I’m lonely. I’m a really nice person! But I haven’t got any mummy mates!
I became a mother six and a half years ago, and I’ve been really rather idiotically happy ever since. But I know with absolute certainty that however adorable and hilarious and fun my kids are, one of the main reasons that I am having so much fun raising them every day is because I am doing so alongside some really excellent friends. My mummy mates are incredible women; all inspire me in their own ways, and all of them together add hugely to the patchwork quilt that is motherhood, and bring so much fun to the every day. If I was doing this all on my own I would have climbed into the oven long ago. Raising babies with (real) friends, can be the difference between loving and hating this gig. If you’re feeling lonely, you’ve got to get yourself some new pals. Making new friends when you’ve had a baby basically means dating again. Be your lovely honest self at each playrgoup and park you go to, and you’ll have soul mates to last a lifetime. Be brave – ask that chick for her number. You have loads in common and you’re going to get on great.

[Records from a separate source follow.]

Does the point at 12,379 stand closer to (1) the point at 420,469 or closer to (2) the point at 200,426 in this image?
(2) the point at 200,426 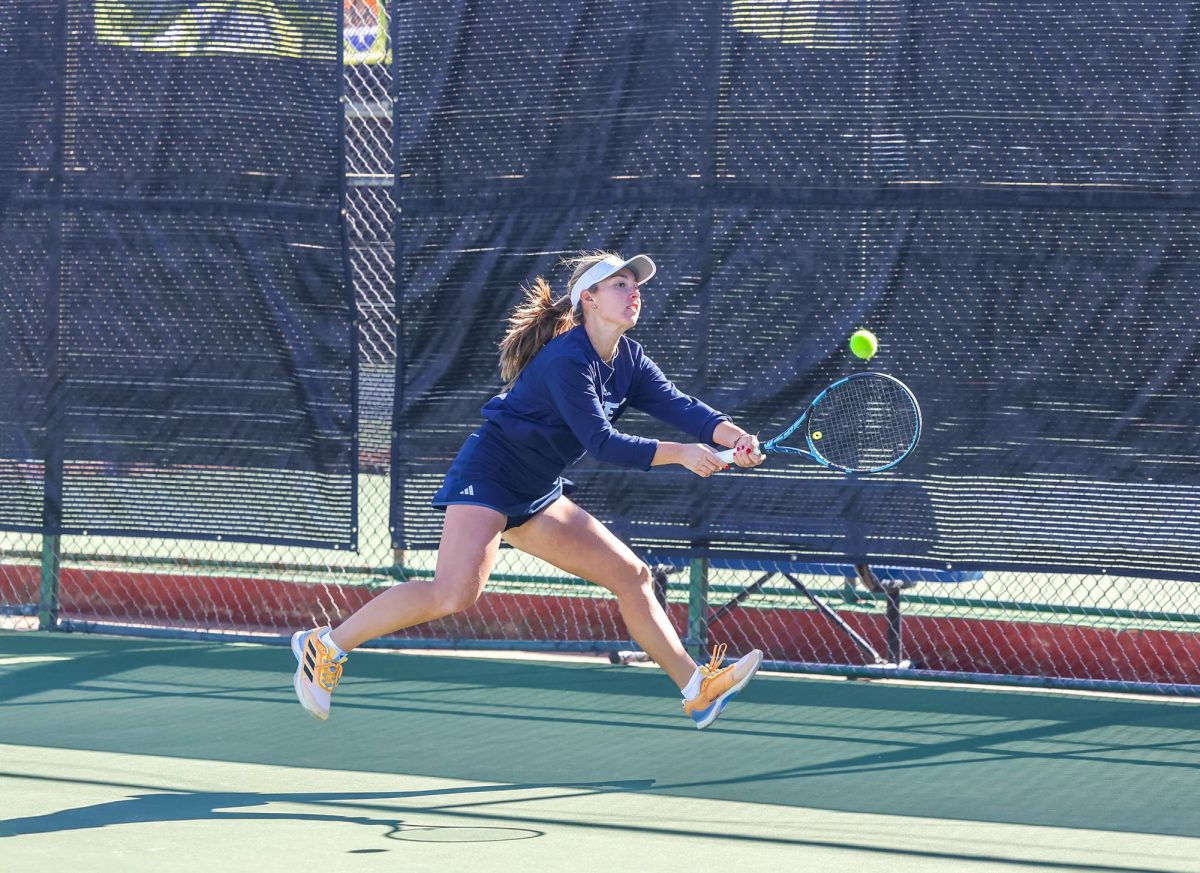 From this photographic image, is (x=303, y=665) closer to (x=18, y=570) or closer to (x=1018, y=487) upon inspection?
(x=1018, y=487)

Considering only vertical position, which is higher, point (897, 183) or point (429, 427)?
point (897, 183)

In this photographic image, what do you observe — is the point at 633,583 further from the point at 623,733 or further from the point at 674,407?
the point at 623,733

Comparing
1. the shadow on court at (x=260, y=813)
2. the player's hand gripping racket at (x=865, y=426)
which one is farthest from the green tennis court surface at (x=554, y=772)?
the player's hand gripping racket at (x=865, y=426)

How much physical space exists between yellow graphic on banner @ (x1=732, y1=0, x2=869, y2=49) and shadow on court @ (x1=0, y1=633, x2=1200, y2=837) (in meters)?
2.59

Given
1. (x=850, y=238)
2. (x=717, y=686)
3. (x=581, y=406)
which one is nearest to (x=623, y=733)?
(x=717, y=686)

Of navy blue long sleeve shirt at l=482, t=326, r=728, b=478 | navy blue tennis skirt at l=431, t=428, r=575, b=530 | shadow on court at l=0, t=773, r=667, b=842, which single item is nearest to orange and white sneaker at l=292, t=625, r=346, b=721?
shadow on court at l=0, t=773, r=667, b=842

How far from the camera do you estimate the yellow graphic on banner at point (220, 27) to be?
7.49m

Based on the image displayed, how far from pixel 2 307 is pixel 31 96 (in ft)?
3.16

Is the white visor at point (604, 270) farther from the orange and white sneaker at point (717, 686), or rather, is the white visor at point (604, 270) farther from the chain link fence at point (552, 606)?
the chain link fence at point (552, 606)

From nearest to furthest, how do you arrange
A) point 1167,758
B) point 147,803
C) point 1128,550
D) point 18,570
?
1. point 147,803
2. point 1167,758
3. point 1128,550
4. point 18,570

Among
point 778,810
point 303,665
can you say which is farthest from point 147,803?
point 778,810

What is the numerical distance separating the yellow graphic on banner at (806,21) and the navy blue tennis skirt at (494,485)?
A: 8.23 feet

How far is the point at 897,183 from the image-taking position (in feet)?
22.0

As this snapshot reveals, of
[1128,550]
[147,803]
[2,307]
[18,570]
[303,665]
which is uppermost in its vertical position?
[2,307] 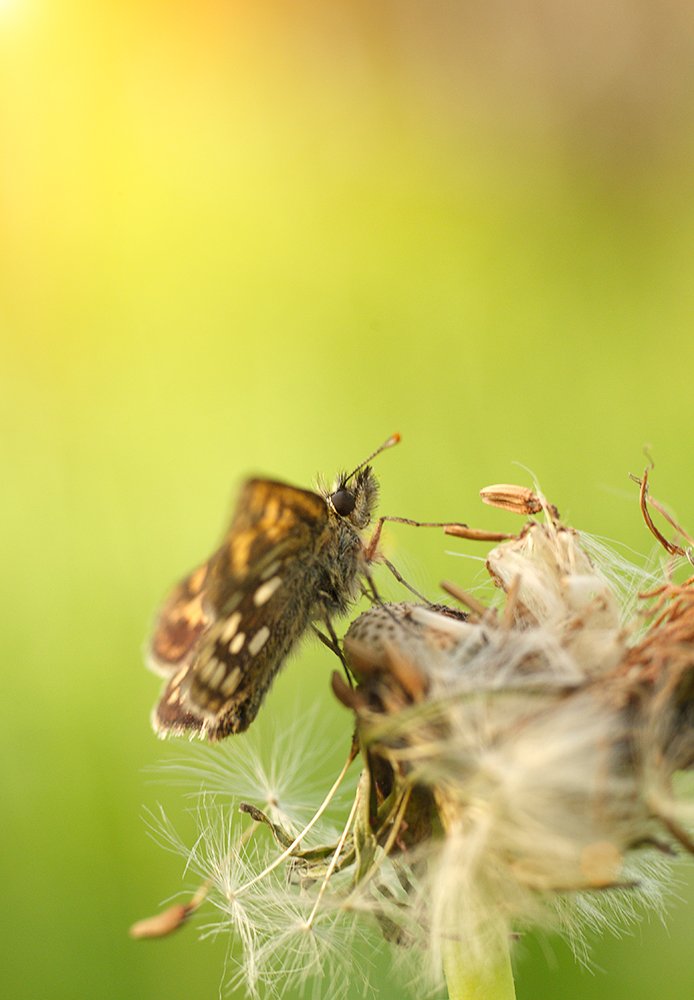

Happy Mummy Happy Baby. Make yourself happy. Surround yourself with other mothers whom you click with. They’re not that hard to find. Live like those in other cultures, who have far less, but for whom parenting is often much more relaxed and enjoyable!
Our ‘developed’ culture has a lot to learn from those supposedly less advanced than us. We have been so busy developing that we have not developed the one thing that truly matters. Parenting is partly instinctive, but all the rest is learned. We are all learning as we go, doing a brand new job with zero training. So go easy on yourself. Give yourself a break. Tell everyone how you are feeling. Ask for help. Be honest. Share your feelings, and your experiences. Learn from those ahead of you – just like in the good old days. And as your own experiences earn you the confidence that you have wanted all along, share that confidence with someone else. Ditch the feeding tent. Bypass the baby small talk at playgroup. Ask the new mum how she is really feeling. Set up an honest mums group like mine. Or even better, turn whatever conversation you are having, wherever you are, into an Honest Mother’s Meeting.
PS: And once in a while, talk about something other than being a mother!